#### The task:
Transcribe every line of the material below without change, apart from dropping the pictures.

#### Raw data:
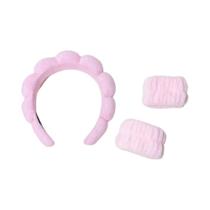Conjunto Elegante De 3 Peças: Faixas De Cabelo Com Bolhas, Pulseiras E Scrunchies Para Maquiagem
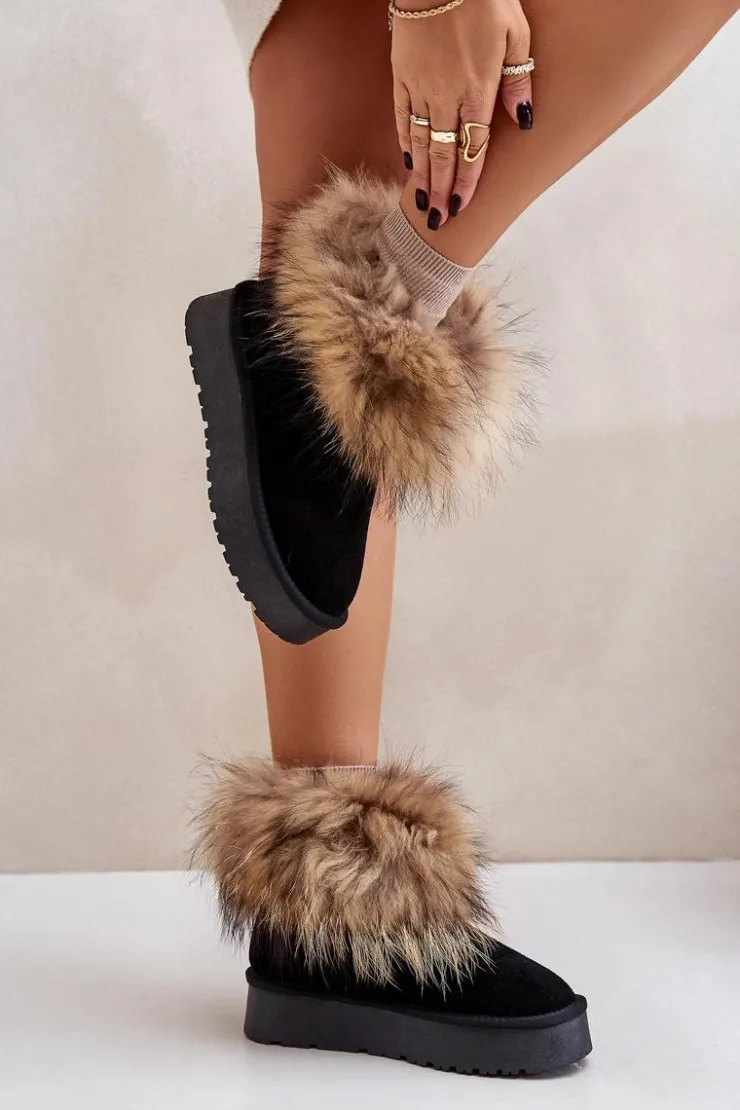 Damskie Boto Skórzane Śniegowce Na Platformie Z Futerkiem Czarne Avirisa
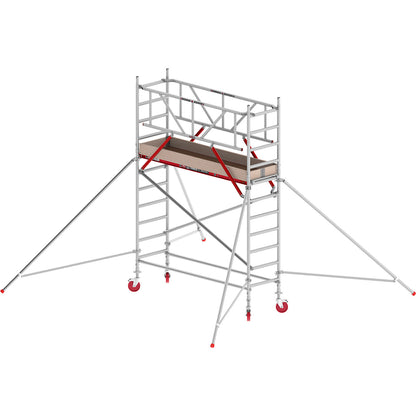RS TOWER 41 slim mobile access tower, wooden platform, length 2.45 m, working height 4.20 m.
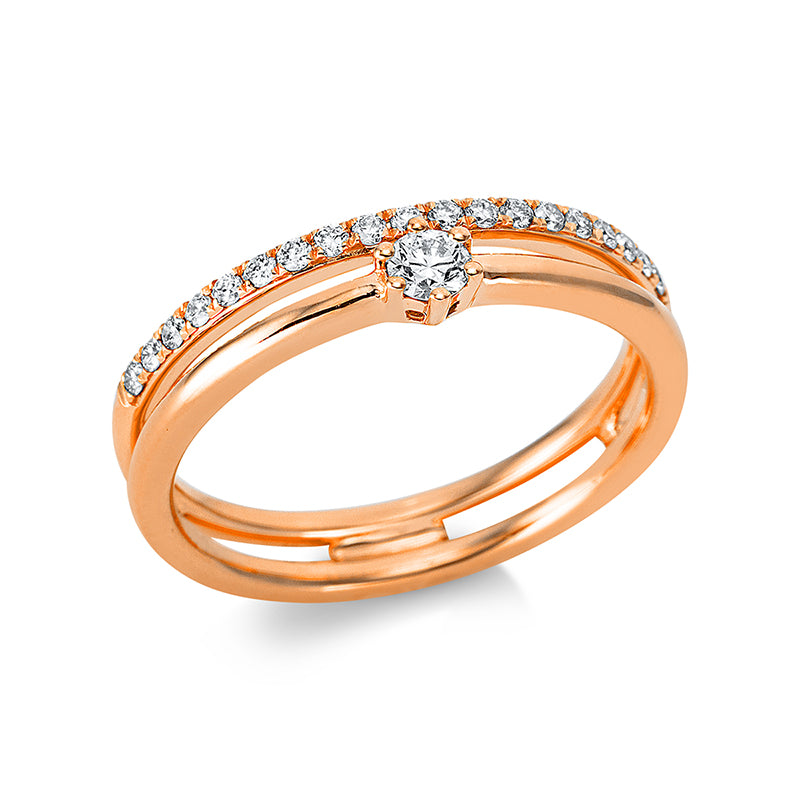 Solitaire mit Besatz Ring Weißgold 18kt 0,23ct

#### Result for this task:
Conjunto Elegante De 3 Peças: Faixas De Cabelo Com Bolhas, Pulseiras E Scrunchies Para Maquiagem
 Damskie Boto Skórzane Śniegowce Na Platformie Z Futerkiem Czarne Avirisa
RS TOWER 41 slim mobile access tower, wooden platform, length 2.45 m, working height 4.20 m.
 Solitaire mit Besatz Ring Weißgold 18kt 0,23ct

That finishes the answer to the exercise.